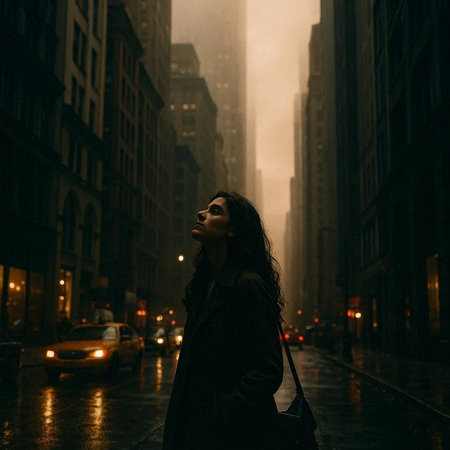 Beautiful young woman walking in the rain in New York City.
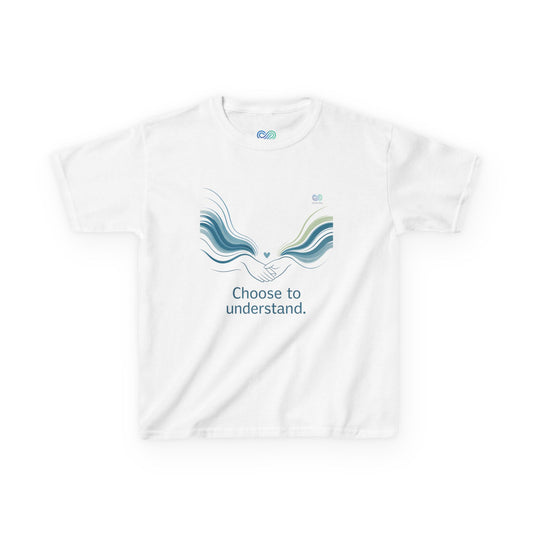 Kids Unisex Tee — “Choose to Understand” Wave Graphic | Soft Blue-Teal Awareness Design by Sensory Rise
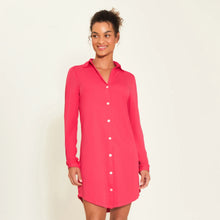 Lataa kuva gallerian katseluohjelmaan, Model Front: Uv Line Hemdblusenkleid Shirtdress Copenhagen Pink Upf50+
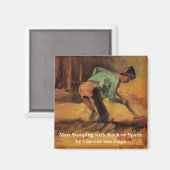 Aimant Man Stooping with Stick, Spade de Vincent van Gogh (Recto/Verso)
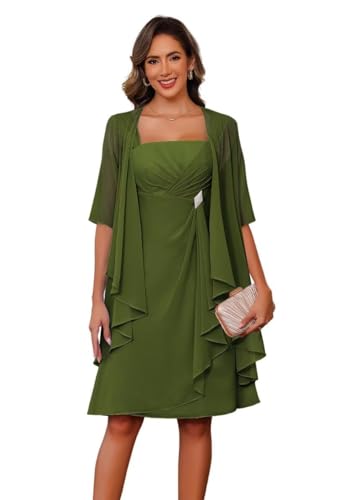 JAEDEN Brautmutterkleider mit Jacke Knielang Hochzeitsgast Kleider 2-Teiler Brautmutter Kleid Olivgrün 40 von JAEDEN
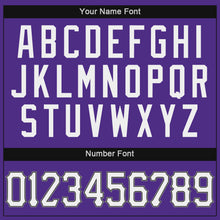 Load image into Gallery viewer, Custom Purple White-Black Authentic Throwback Basketball Jersey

INSTRUCTIONS FOR THE TASK - Copy each entry above exactly; drop the pictures.

TASK OUTPUT -
 Beautiful young woman walking in the rain in New York City.
 Kids Unisex Tee — “Choose to Understand” Wave Graphic | Soft Blue-Teal Awareness Design by Sensory Rise
 Lataa kuva gallerian katseluohjelmaan, Model Front: Uv Line Hemdblusenkleid Shirtdress Copenhagen Pink Upf50+
 Aimant Man Stooping with Stick, Spade de Vincent van Gogh (Recto/Verso)
 JAEDEN Brautmutterkleider mit Jacke Knielang Hochzeitsgast Kleider 2-Teiler Brautmutter Kleid Olivgrün 40 von JAEDEN
 Load image into Gallery viewer, Custom Purple White-Black Authentic Throwback Basketball Jersey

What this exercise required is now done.